We provide advanced
screening for AMD.

 

Prevent and manage the
progression of AMD.

Love your eyes, love your life.

Vitasight provides industry-leading vision health supplements and essential eye care support which contribute to maintaining healthy eyes and eyesight.

Never lose sight of what matters most.

Age-related Macular Degeneration (AMD) is the leading cause of severe vision loss in people over the age of 55, however it is an eye disease that can be manageable. Vitasight supplements have been specifically formulated to combat the progression of AMD, preserve normal vision and promote general eye health so you never lose sight of life’s precious moments.

Our eyes are placed under immense stress every day. Not only do they need to deliver accurate vision from varying distances, but they also frequently need to adapt quickly from bright to dark light levels. Sunlight, the blue light emitted by smart devices and PCs, and dry or dusty air also contribute to the stress put on our eyes.

Furthermore, as we consume, inhale and absorb an abundance of toxins on a daily basis (through contaminated foods, drinks and polluted air), some of these toxins may catalyse the formation of free radicals in the body. UV light present in sunlight also accelerates the production of free radicals. Free radicals are unstable compounds that feed on healthy human cells. There is a strong correlation between the number of free radicals present in one’s body and ageing.

As free radicals accumulate, some may build up in our eyes, leading to eye disease, including Age-related Macular Degeneration (AMD) and the formation of Cataracts. AMD is one of the most common causes of central vision loss in ageing populations across the world. It is an irreversible disease that could lead to blindness if left unchecked.

What is AMD?

Macular Degeneration is a degenerative condition affecting the central part of the retina (the macula) and resulting in distortion or loss of central vision. The macula is the part of the retina responsible for clear vision in your direct line of sight. It occurs especially in older adults, in which case it is called Age-related Macular Degeneration.
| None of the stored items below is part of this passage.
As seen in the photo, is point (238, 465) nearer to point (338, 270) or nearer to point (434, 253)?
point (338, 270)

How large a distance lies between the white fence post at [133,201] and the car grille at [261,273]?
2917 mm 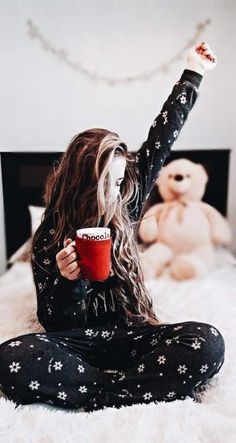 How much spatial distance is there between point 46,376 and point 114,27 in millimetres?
942

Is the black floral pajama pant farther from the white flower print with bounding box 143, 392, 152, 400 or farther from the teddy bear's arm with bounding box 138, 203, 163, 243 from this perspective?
the teddy bear's arm with bounding box 138, 203, 163, 243

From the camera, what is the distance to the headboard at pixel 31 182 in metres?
1.27

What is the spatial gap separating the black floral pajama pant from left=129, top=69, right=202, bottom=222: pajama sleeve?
1.05 feet

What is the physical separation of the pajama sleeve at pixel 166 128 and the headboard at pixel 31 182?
0.31 metres

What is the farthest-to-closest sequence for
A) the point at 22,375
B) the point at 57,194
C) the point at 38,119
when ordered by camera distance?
the point at 38,119, the point at 57,194, the point at 22,375

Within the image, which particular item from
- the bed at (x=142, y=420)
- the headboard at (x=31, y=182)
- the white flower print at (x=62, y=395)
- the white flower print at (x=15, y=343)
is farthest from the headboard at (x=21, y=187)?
the white flower print at (x=62, y=395)

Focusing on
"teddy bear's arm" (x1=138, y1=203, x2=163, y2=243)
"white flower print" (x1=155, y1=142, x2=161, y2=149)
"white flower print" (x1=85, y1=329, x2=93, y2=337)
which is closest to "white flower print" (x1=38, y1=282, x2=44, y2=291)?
"white flower print" (x1=85, y1=329, x2=93, y2=337)

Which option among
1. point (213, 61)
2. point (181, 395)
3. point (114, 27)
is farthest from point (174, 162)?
point (181, 395)

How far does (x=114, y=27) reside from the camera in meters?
1.31

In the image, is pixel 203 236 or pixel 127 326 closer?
pixel 127 326

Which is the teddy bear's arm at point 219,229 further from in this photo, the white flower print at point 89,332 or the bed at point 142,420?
the white flower print at point 89,332

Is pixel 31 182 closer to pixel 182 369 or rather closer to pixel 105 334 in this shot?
pixel 105 334

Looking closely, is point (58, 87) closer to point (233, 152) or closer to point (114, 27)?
point (114, 27)

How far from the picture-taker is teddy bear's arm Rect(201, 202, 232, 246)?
159 cm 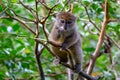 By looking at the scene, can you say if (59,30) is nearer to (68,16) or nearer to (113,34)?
(68,16)

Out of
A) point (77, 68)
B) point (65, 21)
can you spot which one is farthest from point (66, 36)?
point (77, 68)

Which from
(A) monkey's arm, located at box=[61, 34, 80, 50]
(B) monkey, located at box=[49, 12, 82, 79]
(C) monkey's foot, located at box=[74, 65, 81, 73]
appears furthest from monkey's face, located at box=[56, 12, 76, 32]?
(C) monkey's foot, located at box=[74, 65, 81, 73]

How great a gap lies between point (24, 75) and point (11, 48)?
1.20ft

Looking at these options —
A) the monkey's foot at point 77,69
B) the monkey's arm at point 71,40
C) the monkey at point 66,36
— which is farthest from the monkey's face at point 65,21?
the monkey's foot at point 77,69

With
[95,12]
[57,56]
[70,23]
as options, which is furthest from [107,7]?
[57,56]

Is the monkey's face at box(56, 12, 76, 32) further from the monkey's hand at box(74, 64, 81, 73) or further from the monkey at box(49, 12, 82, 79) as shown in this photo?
the monkey's hand at box(74, 64, 81, 73)

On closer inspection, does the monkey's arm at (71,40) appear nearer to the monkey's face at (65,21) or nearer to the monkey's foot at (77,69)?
the monkey's face at (65,21)

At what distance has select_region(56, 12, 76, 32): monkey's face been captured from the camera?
4.09m

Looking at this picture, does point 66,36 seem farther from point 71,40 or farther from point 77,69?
point 77,69

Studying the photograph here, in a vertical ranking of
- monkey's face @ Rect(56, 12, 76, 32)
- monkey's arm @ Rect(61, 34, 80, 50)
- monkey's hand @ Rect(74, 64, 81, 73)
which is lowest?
monkey's hand @ Rect(74, 64, 81, 73)

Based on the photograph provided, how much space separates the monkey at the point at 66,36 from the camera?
13.5 ft

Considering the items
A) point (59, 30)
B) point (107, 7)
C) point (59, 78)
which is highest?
point (107, 7)

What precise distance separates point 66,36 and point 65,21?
0.66ft

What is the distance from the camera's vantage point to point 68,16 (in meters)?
4.12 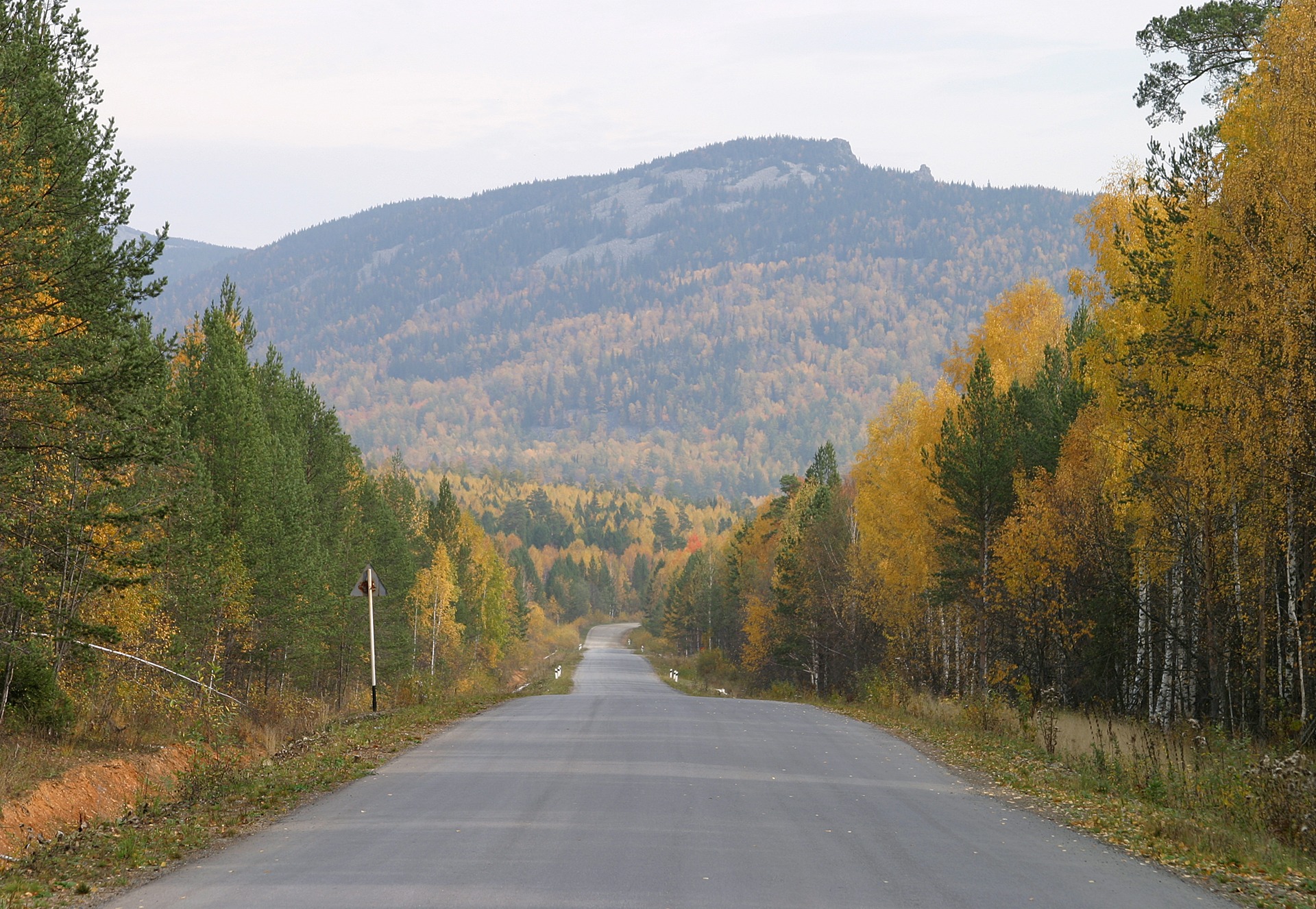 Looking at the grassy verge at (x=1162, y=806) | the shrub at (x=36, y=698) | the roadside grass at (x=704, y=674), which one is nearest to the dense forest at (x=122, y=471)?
the shrub at (x=36, y=698)

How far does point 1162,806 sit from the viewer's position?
46.5ft

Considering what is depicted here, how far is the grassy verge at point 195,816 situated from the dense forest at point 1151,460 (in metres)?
12.8

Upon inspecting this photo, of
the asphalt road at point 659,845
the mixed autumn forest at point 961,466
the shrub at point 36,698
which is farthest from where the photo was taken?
the shrub at point 36,698

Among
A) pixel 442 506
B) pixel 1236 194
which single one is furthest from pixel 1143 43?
pixel 442 506

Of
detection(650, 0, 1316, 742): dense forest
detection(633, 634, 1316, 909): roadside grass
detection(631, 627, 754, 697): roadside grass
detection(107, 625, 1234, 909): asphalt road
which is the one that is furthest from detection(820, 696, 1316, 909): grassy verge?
detection(631, 627, 754, 697): roadside grass

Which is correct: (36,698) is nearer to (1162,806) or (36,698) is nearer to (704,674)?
(1162,806)

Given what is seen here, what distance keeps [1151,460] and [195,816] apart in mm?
16871

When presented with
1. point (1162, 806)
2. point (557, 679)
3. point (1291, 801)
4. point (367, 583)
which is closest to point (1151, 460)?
point (1162, 806)

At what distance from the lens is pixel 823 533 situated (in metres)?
50.7

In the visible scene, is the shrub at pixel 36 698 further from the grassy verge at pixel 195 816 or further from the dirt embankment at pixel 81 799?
the grassy verge at pixel 195 816

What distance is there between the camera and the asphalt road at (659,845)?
8.43 meters

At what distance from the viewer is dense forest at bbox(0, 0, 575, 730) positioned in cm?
1398

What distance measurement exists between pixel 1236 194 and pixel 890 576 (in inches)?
931

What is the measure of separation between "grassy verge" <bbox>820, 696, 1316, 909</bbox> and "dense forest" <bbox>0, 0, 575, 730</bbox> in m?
12.4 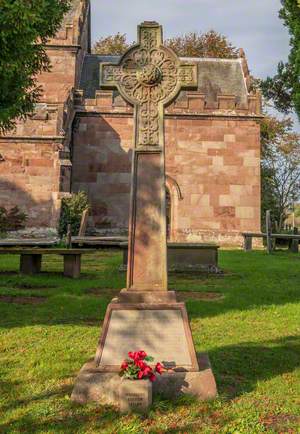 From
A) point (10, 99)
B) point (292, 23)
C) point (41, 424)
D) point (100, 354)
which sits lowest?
point (41, 424)

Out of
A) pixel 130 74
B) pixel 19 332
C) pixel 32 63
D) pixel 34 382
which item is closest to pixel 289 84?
pixel 32 63

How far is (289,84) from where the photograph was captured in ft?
49.2

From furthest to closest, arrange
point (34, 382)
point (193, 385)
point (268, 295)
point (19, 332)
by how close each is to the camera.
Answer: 1. point (268, 295)
2. point (19, 332)
3. point (34, 382)
4. point (193, 385)

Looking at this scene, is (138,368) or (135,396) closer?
(135,396)

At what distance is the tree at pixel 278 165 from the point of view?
3394 centimetres

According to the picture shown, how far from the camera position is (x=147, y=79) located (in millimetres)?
4652

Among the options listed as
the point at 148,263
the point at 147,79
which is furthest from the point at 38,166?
the point at 148,263

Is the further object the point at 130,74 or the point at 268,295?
the point at 268,295

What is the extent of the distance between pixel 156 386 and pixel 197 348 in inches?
60.5

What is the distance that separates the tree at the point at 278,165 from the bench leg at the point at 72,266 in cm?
2464

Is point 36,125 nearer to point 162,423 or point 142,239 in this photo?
point 142,239

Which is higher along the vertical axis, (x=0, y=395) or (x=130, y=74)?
(x=130, y=74)

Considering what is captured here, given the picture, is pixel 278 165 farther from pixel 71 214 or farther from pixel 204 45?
pixel 71 214

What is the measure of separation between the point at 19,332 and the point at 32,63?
655 cm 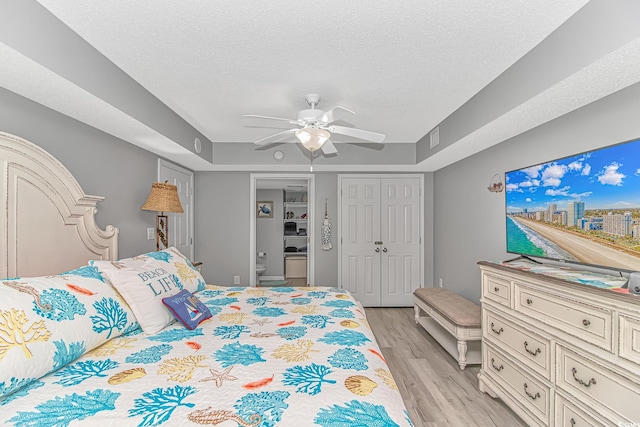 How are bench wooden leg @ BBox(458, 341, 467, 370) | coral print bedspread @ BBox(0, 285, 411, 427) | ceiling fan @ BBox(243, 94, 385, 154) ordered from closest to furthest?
coral print bedspread @ BBox(0, 285, 411, 427)
ceiling fan @ BBox(243, 94, 385, 154)
bench wooden leg @ BBox(458, 341, 467, 370)

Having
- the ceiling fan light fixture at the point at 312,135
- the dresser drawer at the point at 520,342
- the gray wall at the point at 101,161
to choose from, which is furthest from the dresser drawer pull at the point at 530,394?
the gray wall at the point at 101,161

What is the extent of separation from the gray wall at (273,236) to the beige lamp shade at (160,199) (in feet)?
13.6

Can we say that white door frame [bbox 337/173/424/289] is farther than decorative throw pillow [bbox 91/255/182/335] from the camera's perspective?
Yes

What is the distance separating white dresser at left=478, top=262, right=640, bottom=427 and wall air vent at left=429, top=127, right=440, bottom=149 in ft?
5.39

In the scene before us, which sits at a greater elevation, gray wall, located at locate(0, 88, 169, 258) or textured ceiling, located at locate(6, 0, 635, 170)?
textured ceiling, located at locate(6, 0, 635, 170)

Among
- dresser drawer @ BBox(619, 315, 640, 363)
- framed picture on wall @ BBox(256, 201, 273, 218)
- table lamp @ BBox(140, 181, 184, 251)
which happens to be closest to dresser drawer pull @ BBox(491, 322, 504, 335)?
dresser drawer @ BBox(619, 315, 640, 363)

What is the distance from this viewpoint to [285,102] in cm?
280

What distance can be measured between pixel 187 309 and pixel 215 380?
0.78 m

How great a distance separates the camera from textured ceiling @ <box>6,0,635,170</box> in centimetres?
159

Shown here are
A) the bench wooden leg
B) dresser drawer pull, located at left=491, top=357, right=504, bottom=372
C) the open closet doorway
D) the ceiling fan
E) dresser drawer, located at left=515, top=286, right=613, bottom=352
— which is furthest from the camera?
the open closet doorway

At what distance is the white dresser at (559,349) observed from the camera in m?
1.44

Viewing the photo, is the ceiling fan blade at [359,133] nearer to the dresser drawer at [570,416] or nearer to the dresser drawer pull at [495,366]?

Dry Macular Degeneration may first develop in one or both eyes and then affect both eyes. Over time, your vision may worsen and affect your ability to do things, such as read, drive and recognise faces. Vision loss is typically central and people retain their peripheral vision. Early detection and self-care measures may delay vision loss due to Dry Macular Degeneration.

Symptoms

Dry Macular Degeneration symptoms usually develop gradually and without pain. They may include:

  • Visual distortions, such as straight lines seeming bent
  • Reduced central vision in one or both eyes
  • The need for brighter light when reading or doing close-up work
  • Increased difficulty adapting to low light levels, such as when entering a dimly lit restaurant
  • Increased blurriness of printed words
  • Decreased intensity or brightness of colours
  • Difficulty recognising faces
  • A well-defined blurry spot or blind spot in your field of vision

Dry Macular Degeneration is one of two types of Age-related Macular Degeneration. It can progress to Wet (neovascular) Macular Degeneration, which is characterised by blood vessels that grow under the retina and leak.

Most people with Macular Degeneration have the dry form, but the dry form can lead to the wet form. Only about 10% of people with Macular Degeneration get the wet form.

Risk factors

Factors that may increase your risk of Macular Degeneration include:

  • Age – This disease is most common in people over 55 years of age.
  • Family history and genetics – This disease has a hereditary component. Researchers have identified several genes that are related to developing the condition.
  • Race – Macular Degeneration is more common in Caucasians.
  • Smoking – Smoking cigarettes or being regularly exposed to smoke significantly increases your risk of Macular Degeneration.
  • Obesity – Research indicates that being obese may increase your chance that early or intermediate Macular Degeneration will progress to the more severe form of the disease.
  • Cardiovascular disease – If you have had diseases that affected your heart and blood vessels, you may be at higher risk of Macular Degeneration.

Prevention

It’s important to have routine eye exams to identify early signs of Macular Degeneration. The following measures may help reduce your risk of developing Dry Macular Degeneration:

  • Manage your other medical conditions – For example, if you have cardiovascular disease or high blood pressure, take your medication and follow your doctor’s instructions for controlling the condition.
  • Don’t smoke – Smokers are more likely to develop Macular Degeneration than non-smokers. Ask your doctor for help to stop smoking.
  • Maintain a healthy weight and exercise regularly – If you need to lose weight, reduce the number of calories you eat and increase the amount of exercise you get each day.
  • Choose a diet rich in fruits and vegetables – Choose a healthy diet that’s full of a variety of fruits and vegetables. These foods contain antioxidant vitamins that reduce your risk of developing Macular Degeneration.
  • Include fish in your diet – Omega-3 fatty acids, which are found in fish, may reduce the risk of macular degeneration. Nuts, such as walnuts, also contain omega-3 fatty acids.